→ Recorded information
┌────────
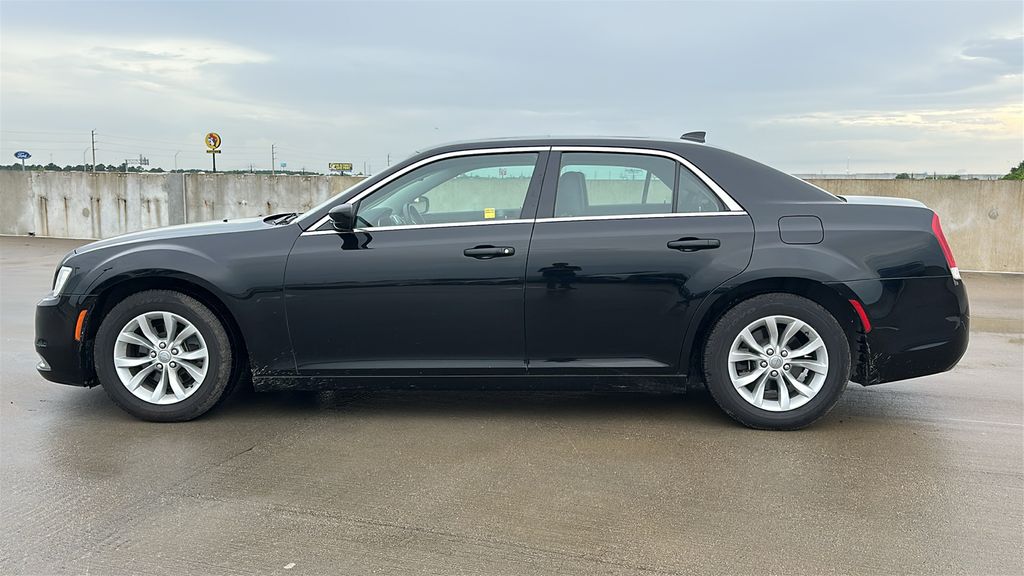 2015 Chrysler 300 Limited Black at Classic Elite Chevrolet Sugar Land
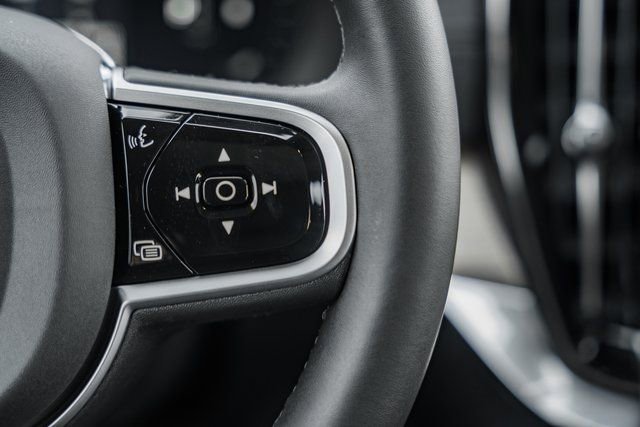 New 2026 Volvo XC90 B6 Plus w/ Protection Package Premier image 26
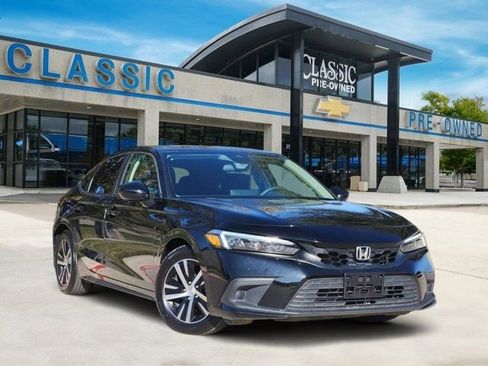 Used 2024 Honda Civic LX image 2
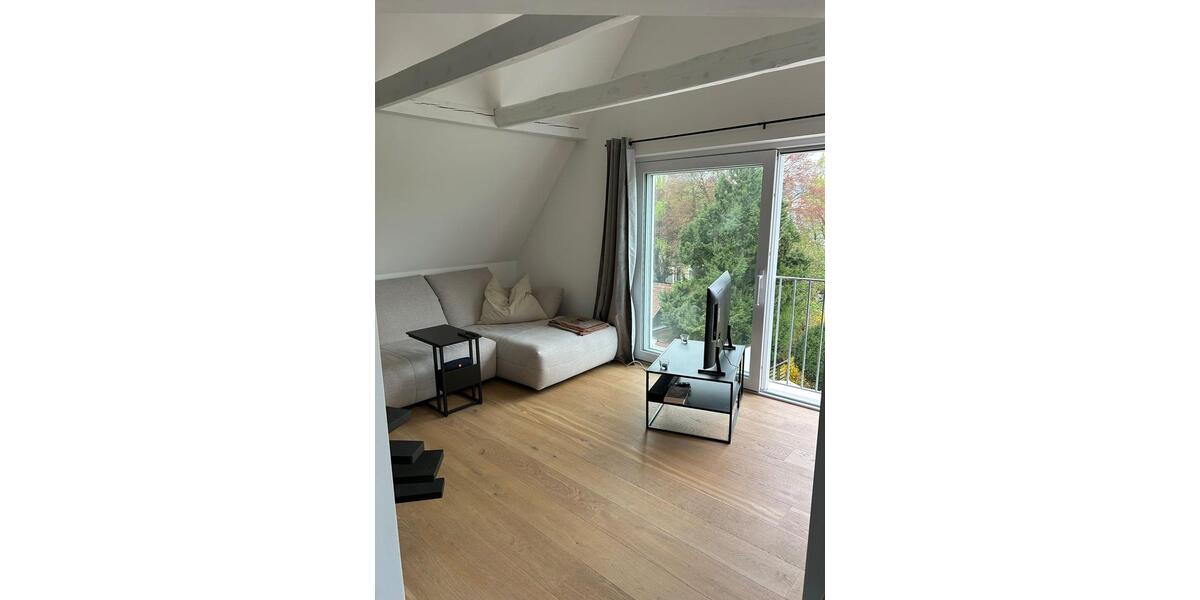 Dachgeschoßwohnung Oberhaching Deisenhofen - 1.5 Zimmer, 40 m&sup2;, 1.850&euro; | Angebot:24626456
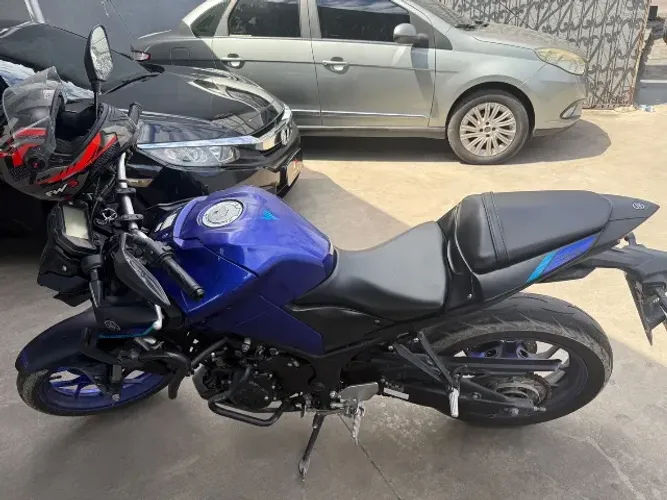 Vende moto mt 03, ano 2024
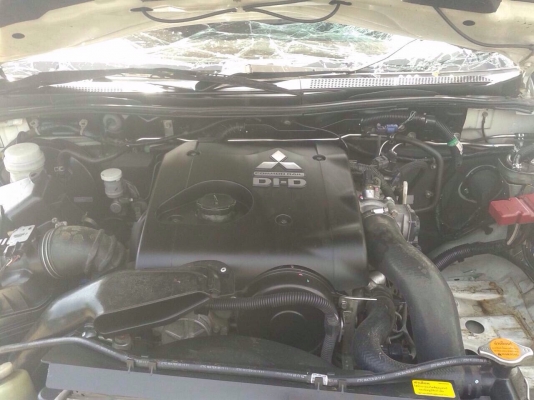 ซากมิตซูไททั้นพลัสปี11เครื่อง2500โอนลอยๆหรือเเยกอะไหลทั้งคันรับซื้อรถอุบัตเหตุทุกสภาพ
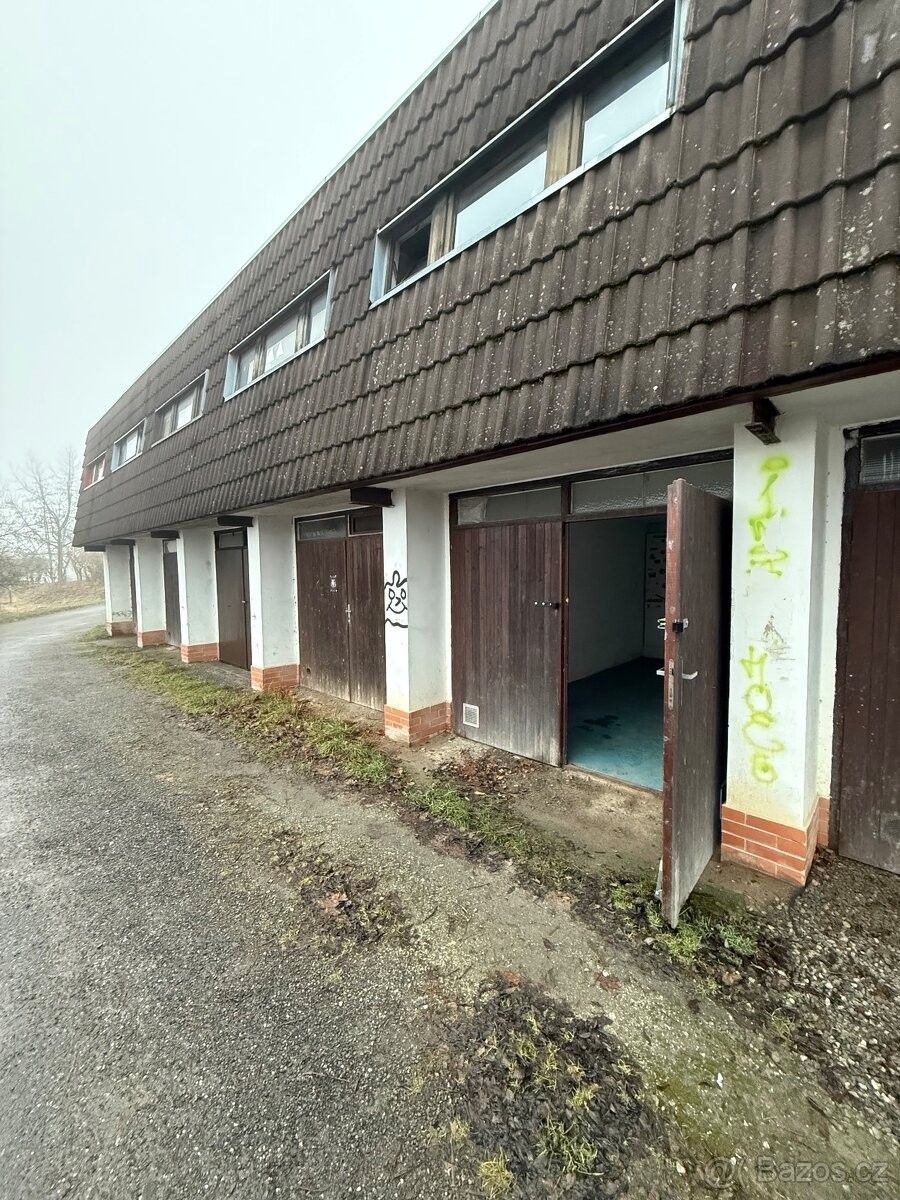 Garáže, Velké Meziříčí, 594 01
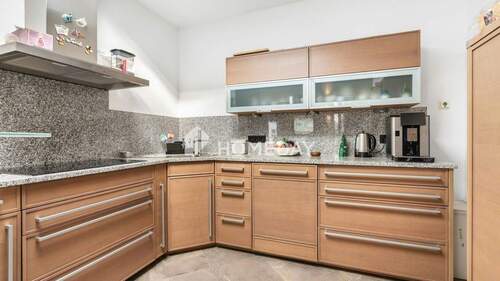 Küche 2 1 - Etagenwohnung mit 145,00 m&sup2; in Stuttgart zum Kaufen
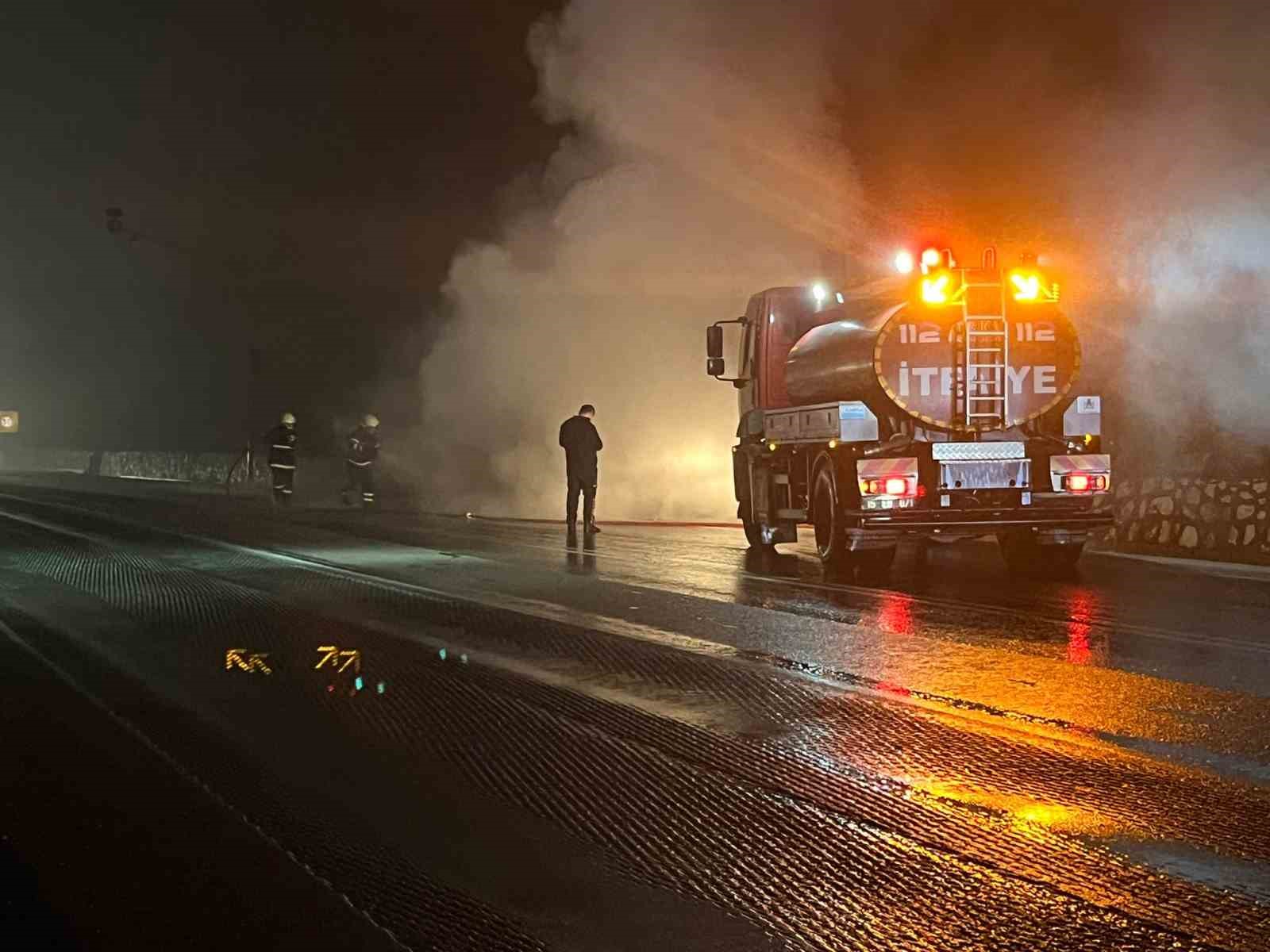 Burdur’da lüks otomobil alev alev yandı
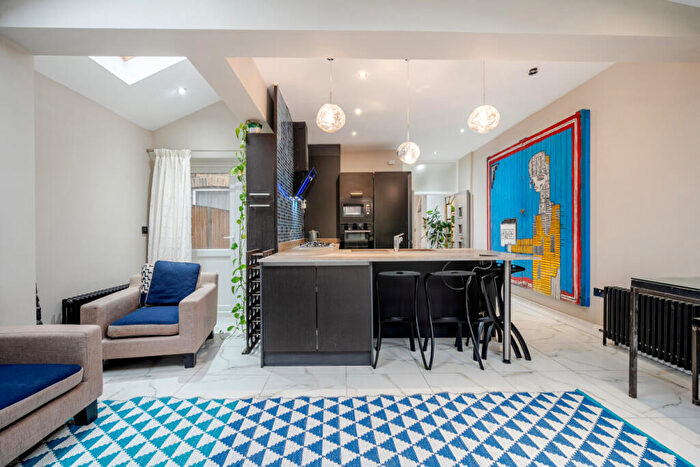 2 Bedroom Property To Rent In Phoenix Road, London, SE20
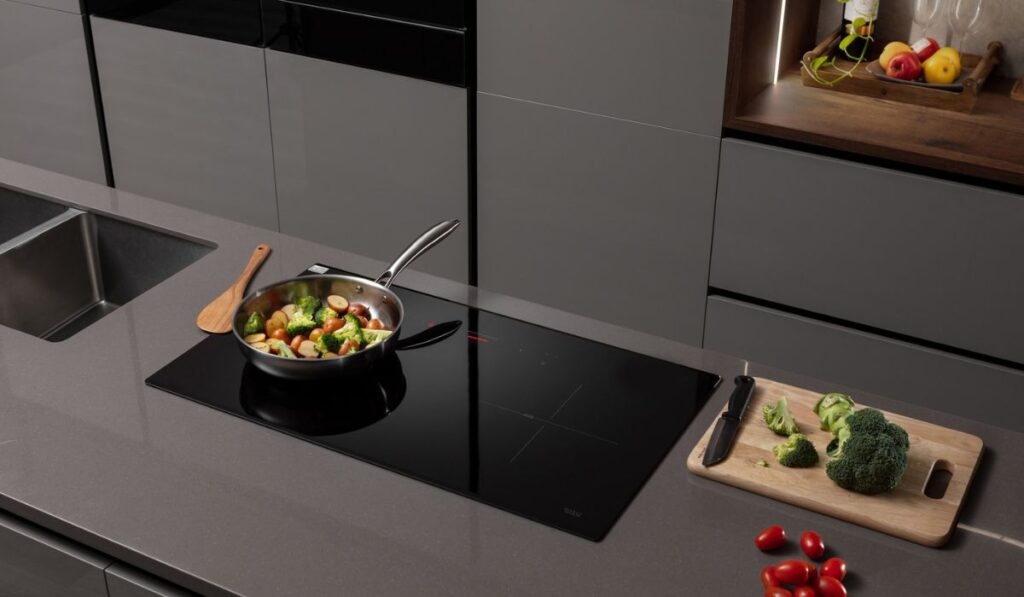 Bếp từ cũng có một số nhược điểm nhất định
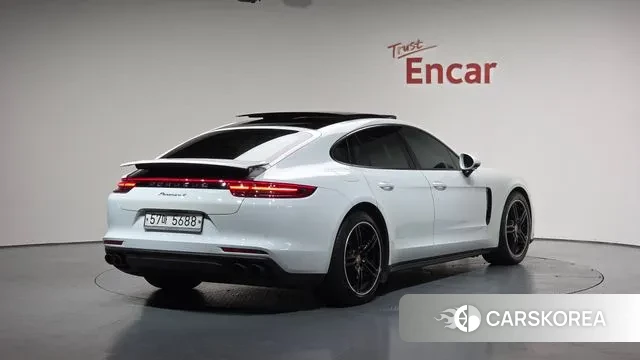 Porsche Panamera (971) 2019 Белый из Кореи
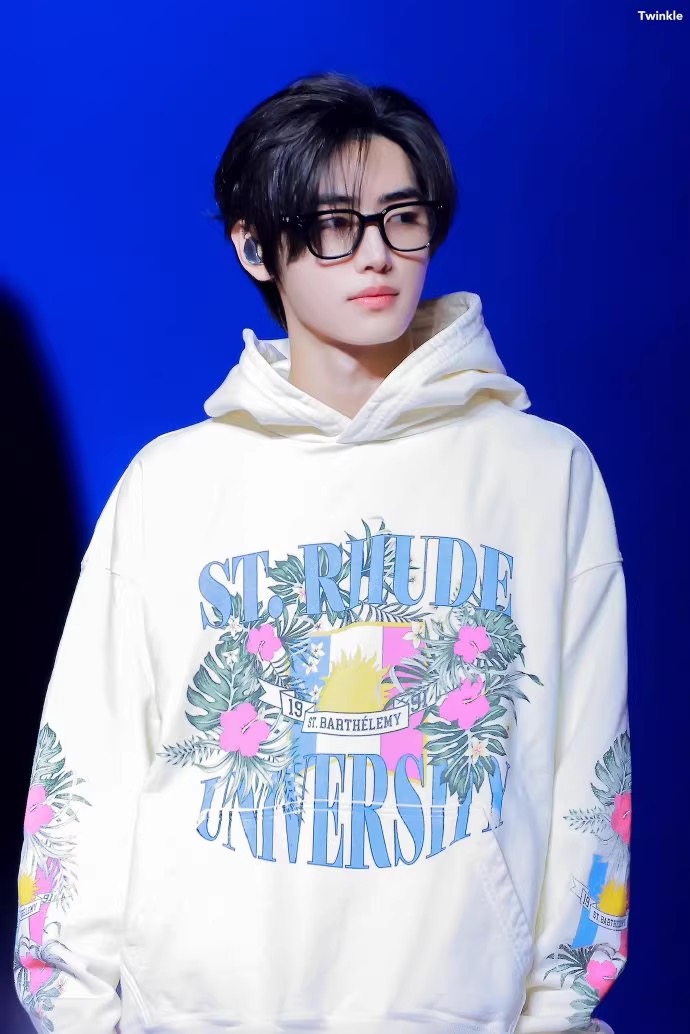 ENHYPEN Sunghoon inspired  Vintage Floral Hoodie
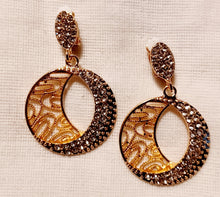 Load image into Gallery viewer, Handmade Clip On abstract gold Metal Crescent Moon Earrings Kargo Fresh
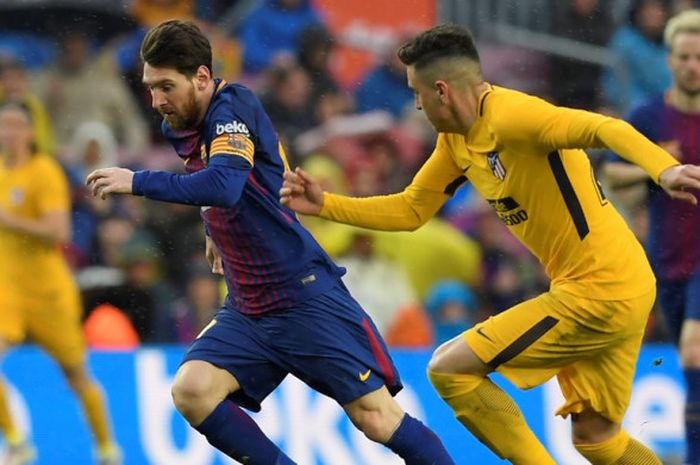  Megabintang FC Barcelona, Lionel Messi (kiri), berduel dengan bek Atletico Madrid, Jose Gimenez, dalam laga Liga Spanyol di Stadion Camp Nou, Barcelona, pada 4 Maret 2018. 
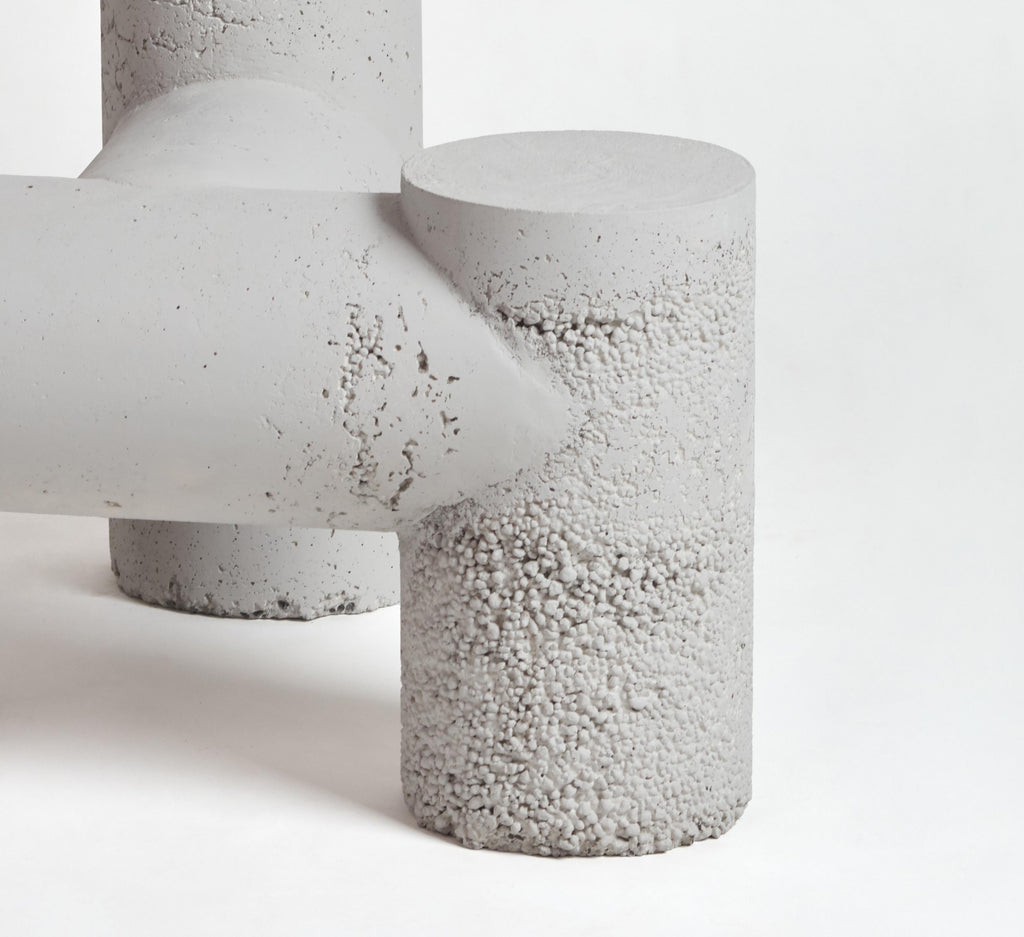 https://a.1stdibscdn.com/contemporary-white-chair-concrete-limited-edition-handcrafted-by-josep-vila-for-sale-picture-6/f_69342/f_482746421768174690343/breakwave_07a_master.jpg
└────────
→ Task directions
Keep each line of the records exactly as it is while transcribing them, but leave the images behind.

→ Written reply
 2015 Chrysler 300 Limited Black at Classic Elite Chevrolet Sugar Land
 New 2026 Volvo XC90 B6 Plus w/ Protection Package Premier image 26
 Used 2024 Honda Civic LX image 2
 Dachgeschoßwohnung Oberhaching Deisenhofen - 1.5 Zimmer, 40 m&sup2;, 1.850&euro; | Angebot:24626456
 Vende moto mt 03, ano 2024
 ซากมิตซูไททั้นพลัสปี11เครื่อง2500โอนลอยๆหรือเเยกอะไหลทั้งคันรับซื้อรถอุบัตเหตุทุกสภาพ
 Garáže, Velké Meziříčí, 594 01
 Küche 2 1 - Etagenwohnung mit 145,00 m&sup2; in Stuttgart zum Kaufen
 Burdur’da lüks otomobil alev alev yandı
 2 Bedroom Property To Rent In Phoenix Road, London, SE20
 Bếp từ cũng có một số nhược điểm nhất định
 Porsche Panamera (971) 2019 Белый из Кореи
 ENHYPEN Sunghoon inspired  Vintage Floral Hoodie
 Load image into Gallery viewer, Handmade Clip On abstract gold Metal Crescent Moon Earrings Kargo Fresh
  Megabintang FC Barcelona, Lionel Messi (kiri), berduel dengan bek Atletico Madrid, Jose Gimenez, dalam laga Liga Spanyol di Stadion Camp Nou, Barcelona, pada 4 Maret 2018. 
 https://a.1stdibscdn.com/contemporary-white-chair-concrete-limited-edition-handcrafted-by-josep-vila-for-sale-picture-6/f_69342/f_482746421768174690343/breakwave_07a_master.jpg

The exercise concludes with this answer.